Analyse : C’est une petite merveille de film d’animation, poétique, tendre, émouvant, drôle, original. A travers l’histoire intime de cette famille avec ses joies, ses malheurs, ses souffrances, le réalisateur nous raconte également l’histoire de l’Europe avec ses deux guerres mondiales et leur cortège de victimes. Les Ughetto sont originaires d’un village piémontais, Uguettera, dont tous les habitants portaient le même nom. Voulant retrouver la trace de ses aïeux Alain Uguetto est parti à la recherche de ce village. Il n’a trouvé que ruines. Il n’a même pas retrouvé le cimetière. L’idée de ce documentaire est née, maturée neuf années durant. Chez les Uguetto ils étaient neuf. Le réalisateur représente Luigi et Cesira avec leurs enfants, marionnettes de 23 cm« aux grands yeux étonnés », animées image par image selon la technique dite du stop motion qui leur fait prendre vie. Mêlant de façon originale et habile le passé et le présent, il intervient dans son documentaire avec sa belle voix chaude de conteur, discutant avec ses petites marionnettes, spécialement avec sa grand-mère, « mémé », qui lui demande « Qu’est-ce que tu veux savoir ? ». On voit même sa main qui s’invite dans le champ pour tendre un outil à son grand-père ou à son « papa » âgé de 7 ans, ou qui prend tendrement celle de sa grand-mère ! Les mains, qui étaient leur seule richesse. Il nous conte sans fausse honte la vie misérable de sa famille victime des curés et des milices fascistes qui leur prenaient le peu qu’ils avaient. Il nous conte la pauvreté qui poussaient les hommes à franchir la frontière pour se louer dans des travaux de force, avant que de partir définitivement. Sans aucun misérabilisme car les dialogues en italien et en français sont savoureux et pleins de cet humour italien qui donne à la vie une merveilleuse légèreté. Un documentaire nimbé de poésie où les fleurs volent dans la chevelure de la grand-mère, où les brocolis deviennent des arbres, le charbon de bois des montagnes, les morceaux de sucre ou de carton ondulé des maisons.

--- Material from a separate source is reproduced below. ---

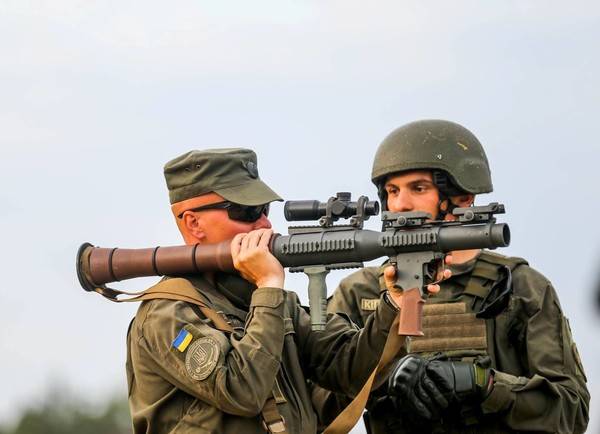 Украина получила новые американские гранатометы RSRL-1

Ces italiens, dont les journaux de l’époque parlaient en ces termes : « Ce qui caractérise l’ouvrier italien, c’est qu’il est souple, il endure tout (…), il courbe la tête et il obéit », étaient en butte au racisme malgré les services qu’ils rendaient. Le titre du documentaire qui rappelle le contenu de certains panneaux apposés sur les portes des bars, interpelle et met mal à l’aise ; les panneaux de la honte. On ne peut pas ne pas penser à l’accueil qui est réservé aujourd’hui aux mêmes immigrés de la faim.
Le film se termine sur la très belle phrase que dit la grand-mère, à laquelle Ariane Ascaride prête sa voix : « On ne vient pas d’un pays, on vient de son enfance ».
Ce film est malheureusement peu distribué dans sa semaine de sortie. Ne tardez pas à aller le voir.